In this figure we show the predicted clear image and medium-related parameters for our method (backscattering) and Osmosis (depth). In the medium visualization of both methods, objects in the foreground have lower depth/backscattering, while background objects have higher depth/backscattering. Osmosis highly depends on accurate depth estimation, incorrect depth (such as the diver's face region in the right image) leads to unrealistic restoration with spurious color artifacts. Our scene-medium separation formulation leverages depth priors indirectly through water medium prediction, and we obtain much better quality predictions for both clear restoration and depth-dependent medium parameters.
We use a dual-branch latent diffusion network to jointly predict the clear image and water medium parameters in a single inference step.
The Scene Branch predicts the restored clear image is fine tuned from a text-to-image diffusion model. The cross-latent decoder is used to transfer fine details from the input image to the restored image through encoder skip connections to the decoder.
The Medium Branch predicts the water medium parameters, including the attenuation and backscattering coefficients. Due to the strong correlation of medium effects with the scene depth, the medium branch is fine-tuned from a diffusion-based monocular depth model (Marigold).
To train the model, we use a physics-based underwater image synthesis pipeline to generate realistic underwater images with diverse medium parameters. We use a large and diverse set of terrestrial images as the base dataset, and apply realistic underwater degradation effects to generate synthetic underwater images. We sample attenuation values based on real-world water measurements, and source diverse, realistic background light estimated from real-world underwater images.
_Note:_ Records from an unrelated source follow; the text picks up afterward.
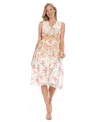 London Times Floral Sleeveless Empire Waist Chiffon Midi Dress In Sw,raspbry
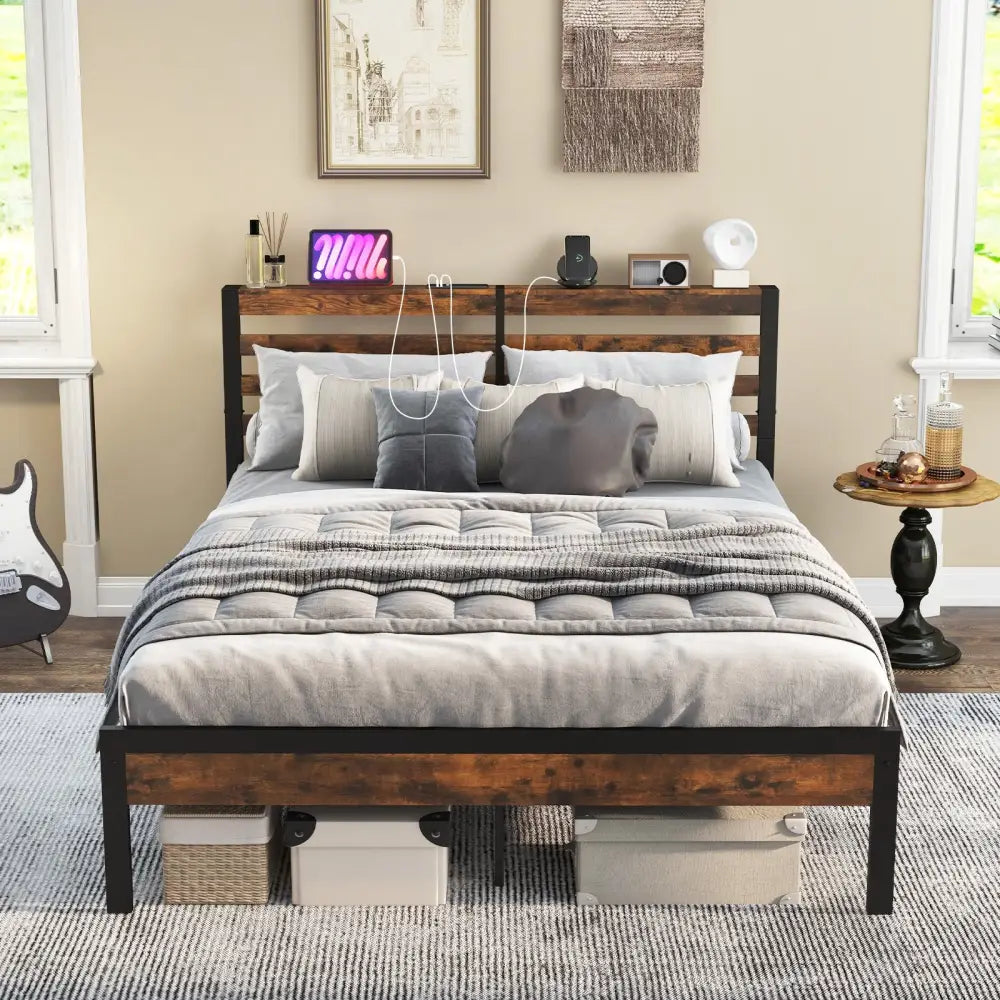 Full/Queen Size Bed Frame with Charging Station and Storage Headboard-Queen Size - Rustic Brown - Simple Bed Frame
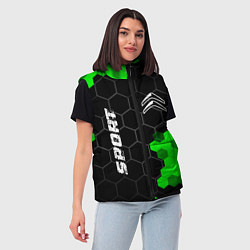 Женский жилет Citroen green sport hexagon, цвет: 3D-черный — фото 2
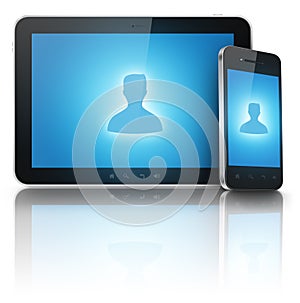 Person icon on tablet and phone screens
We train our model in two stages. In our first stage, we train our dual-branch UNets with inter-branch cross-attention to directly predict the latent images of the clear scene, as well as medium transmission and backscattering. The latent outputs are decoded and supervised with their respective ground truths using image losses. We also use the reconstruction loss to guide the predicted outputs to respect the underwater image formation model. For stage 2 cross-latent decoding, we fine-tune the decoder and additional zero convolution skip connections to transfer high-frequency details from the input underwater image to the restored image.